● What you have to do
Once you find the line with "Now you can", transcribe it and all the lines that follow to the end of the data, exactly as written; skip any pictures.

● Extracted material
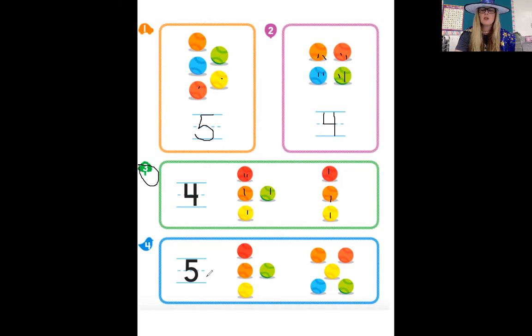Now we're going to go to number four — the birdie. This number is five. Let's count the first group together: one, two, three, four. The next group: one, two, three, four, five. So which one are you going to circle? Do it now.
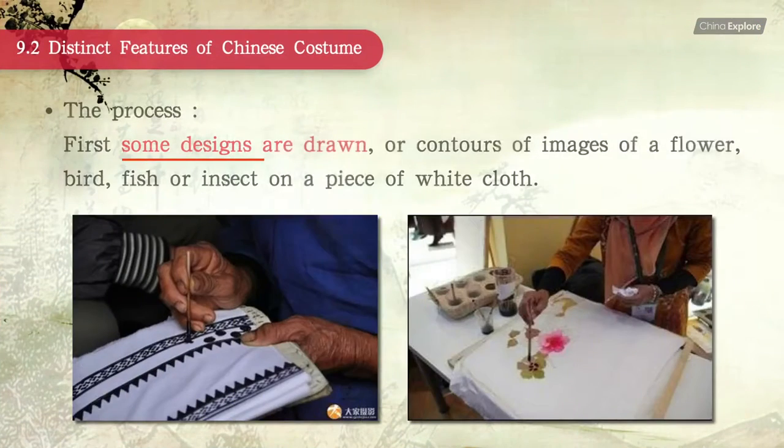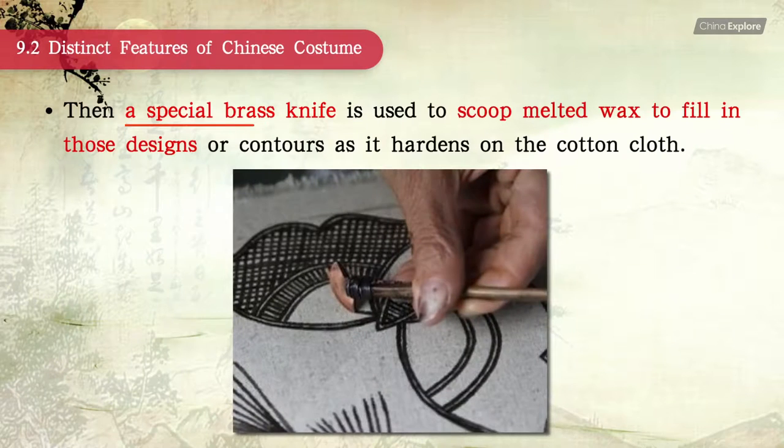First, some designs are drawn — contours of images of a flower, bird, fish, or insect — on a piece of white cloth. Then a special brass knife is used to scoop melted wax onto the fabric to fill in those designs or contours as it hardens on the cotton cloth.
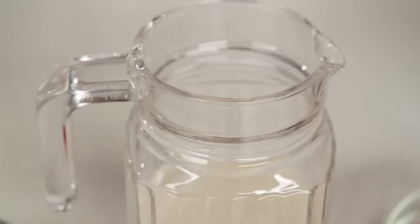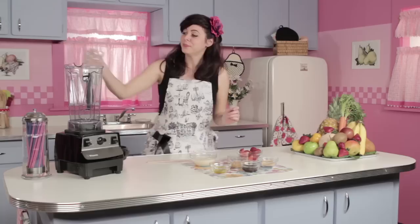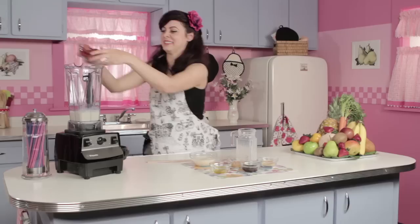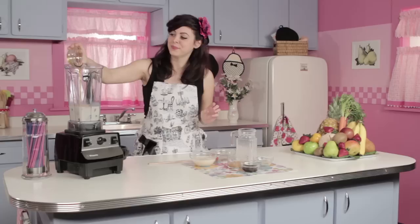All right, let's put all these beautiful ingredients into our beloved blender and blend it up, shall we? We'll start with the soy milk, followed by our strawberries, our soy lecithin, and our flaxseed oil.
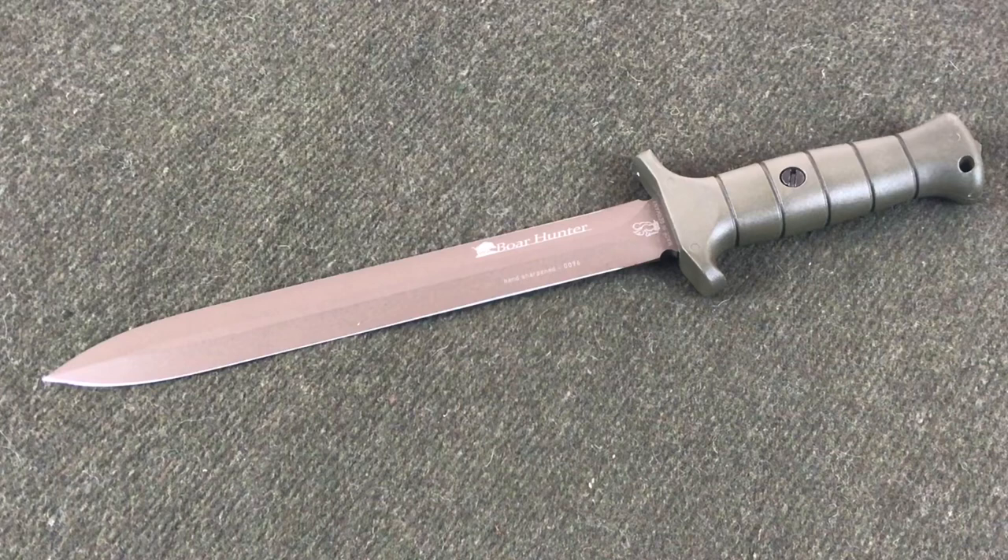If you're a fan of the channel, you know I've partnered up with GermanKnifeShop.com, and they've been sponsoring us for the last couple of months. When I was talking to them, they said check out our website, let us know what you're interested in, and we'll send you some knives for review. I saw this one and I was like yes — and then I got it and I'm like, when is the next time I'm going to be boar hunting?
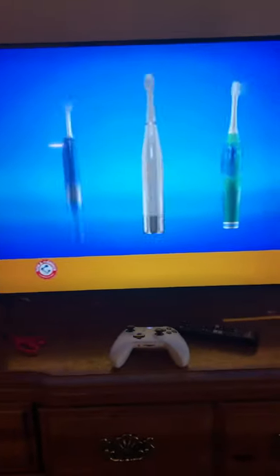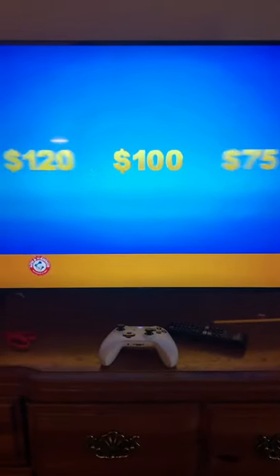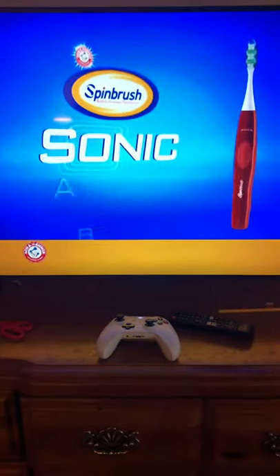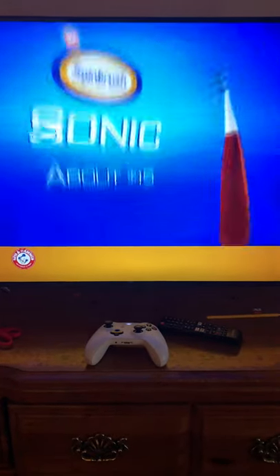Sonic brushes work great and can be expensive. For about $15, you can get an advanced Sonic clean with the Arm & Hammer Spin Brush Sonic. It offers Sonic technology at a reasonable price.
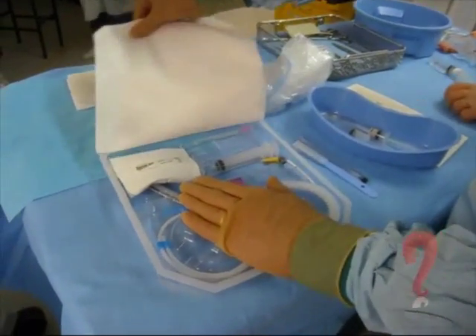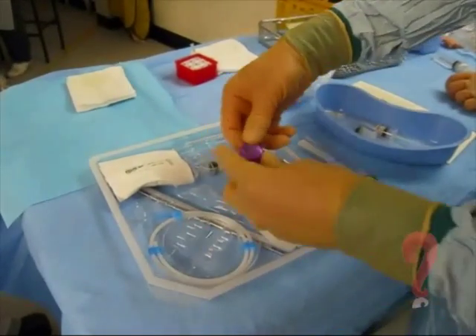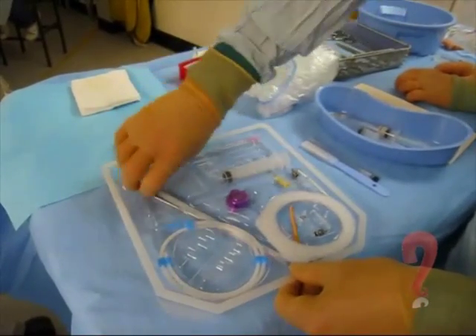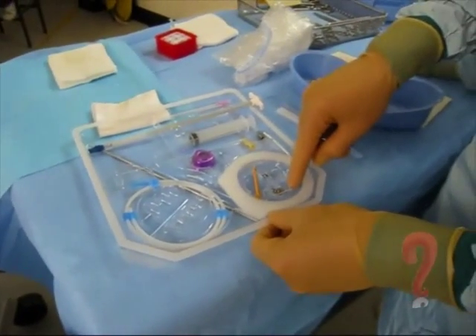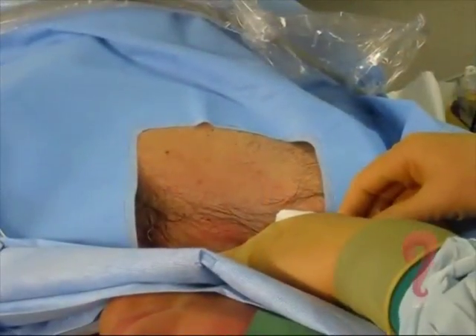This is the power port kit, which contains most of the things — in fact all the things you'll need for insertion. There's the port itself, peel-away sheath, metal tunneller, guide wire, angled needle for injection, syringe, and seldinger needle. So this will be a bit sharp.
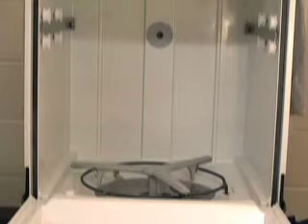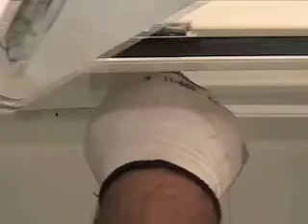In this video, we will discuss how to remove the spray arms. Loosen the third level spray arm counterclockwise and the spray arm will then come out.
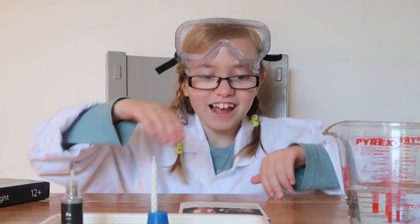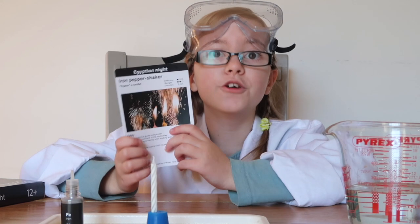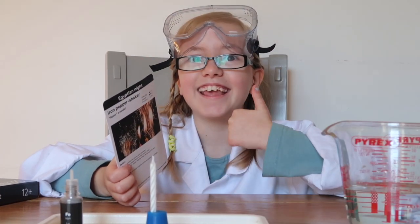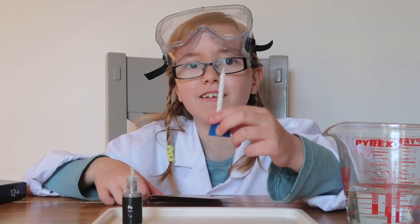The next experiment is — drum roll please — the iron pepper shaker. It does use fire, so make sure to have an adult at hand. I have my mum. Yay! And that means we're making a mini bengal light.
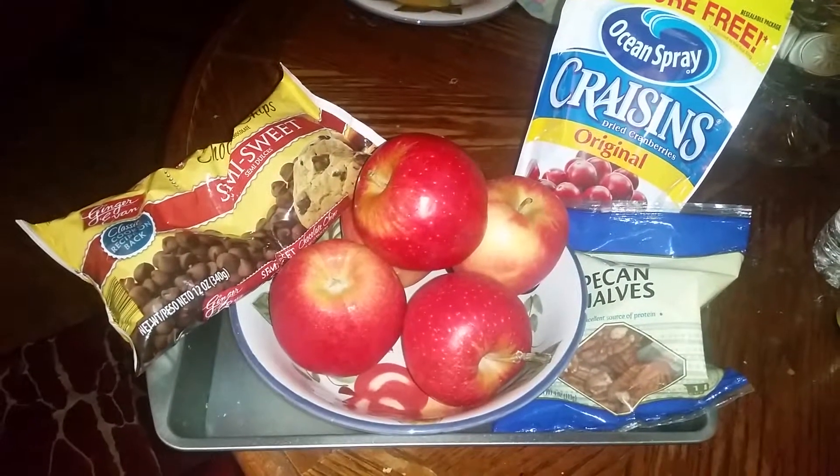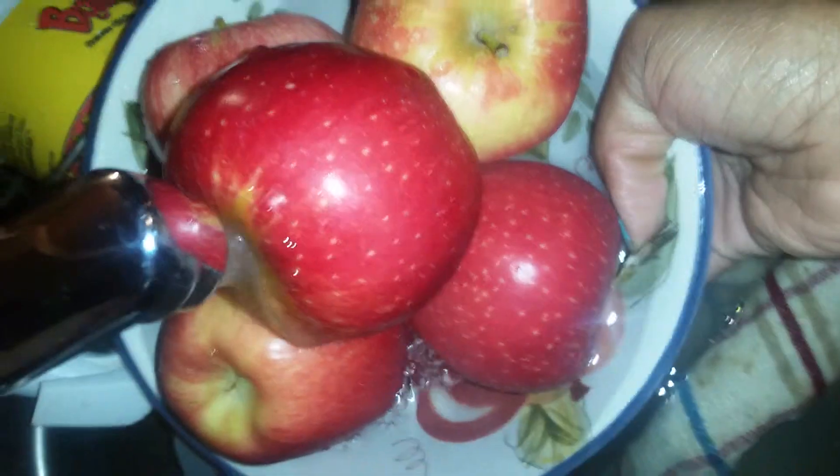These are your ingredients. You will often need plastic wrap.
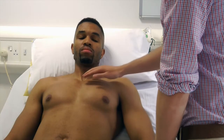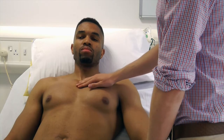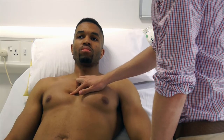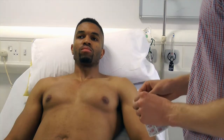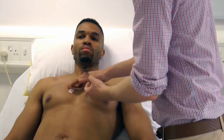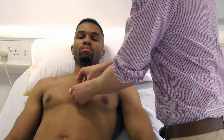Chest lead V1 is located on the 4th intercostal space on the right sternal edge. Palpate the angle of Louis and then move sideways to palpate the 2nd, 3rd, and 4th intercostal space. Place chest lead V1 on the right of the sternum and chest lead V2 on the left of the sternum. Ensure the attachment area is facing downwards so it is in the correct position for attaching the leads.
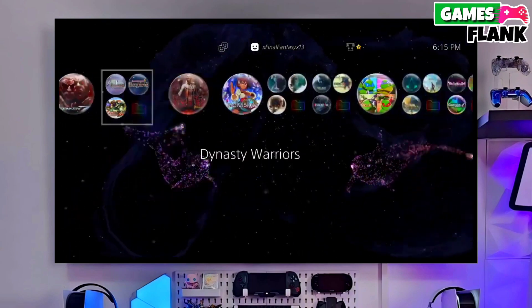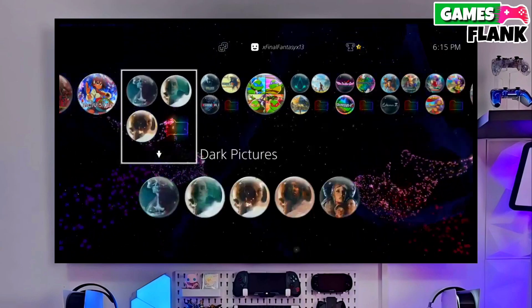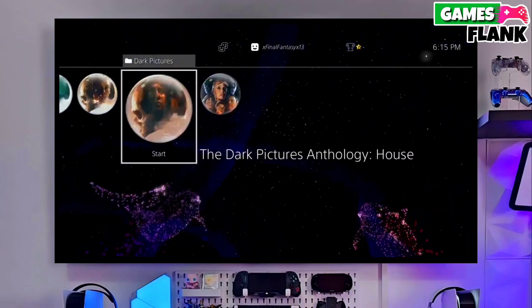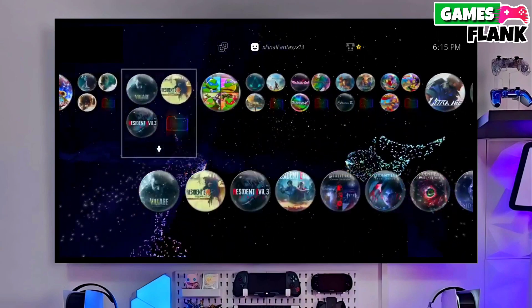Now you can enjoy your PS4 with a lot of fun things. I also jailbroke my PS4 11.50 and my experience is really great. That's it — now your PS4 is jailbroken, and this is the simple and easy method to jailbreak any PS4 with 11.50 firmware.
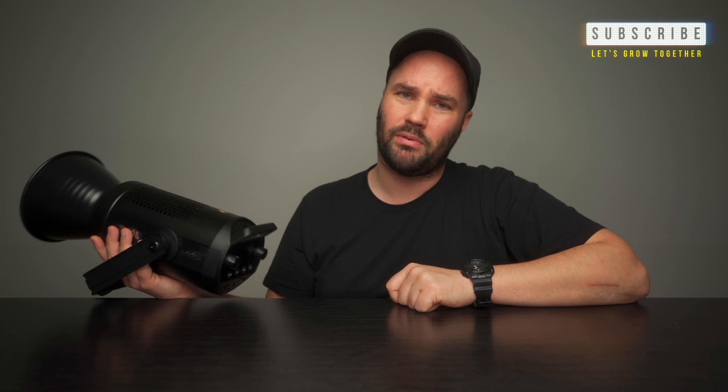Any questions? Comments? Drop them down below. Remember the subscribe button should be grayed out, not red — that means YouTube will break sooner or later. An affiliate link for this is going to be right down here so you can pick it up and have a cool light like I do. Catch you soon. Catch you on the flip-flop.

● Final answer
Now you can enjoy your PS4 with a lot of fun things. I also jailbroke my PS4 11.50 and my experience is really great. That's it — now your PS4 is jailbroken, and this is the simple and easy method to jailbreak any PS4 with 11.50 firmware.
Any questions? Comments? Drop them down below. Remember the subscribe button should be grayed out, not red — that means YouTube will break sooner or later. An affiliate link for this is going to be right down here so you can pick it up and have a cool light like I do. Catch you soon. Catch you on the flip-flop.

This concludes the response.